**TRY IT**. Your task is to extract every line from the material below exactly.

**RECORDED DATA**.
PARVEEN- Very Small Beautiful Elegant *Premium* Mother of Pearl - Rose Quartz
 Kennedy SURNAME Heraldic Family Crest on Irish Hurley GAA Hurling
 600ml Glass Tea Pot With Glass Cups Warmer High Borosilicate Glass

**TASK RESPONSE**.
PARVEEN- Very Small Beautiful Elegant *Premium* Mother of Pearl - Rose Quartz
 Kennedy SURNAME Heraldic Family Crest on Irish Hurley GAA Hurling
 600ml Glass Tea Pot With Glass Cups Warmer High Borosilicate Glass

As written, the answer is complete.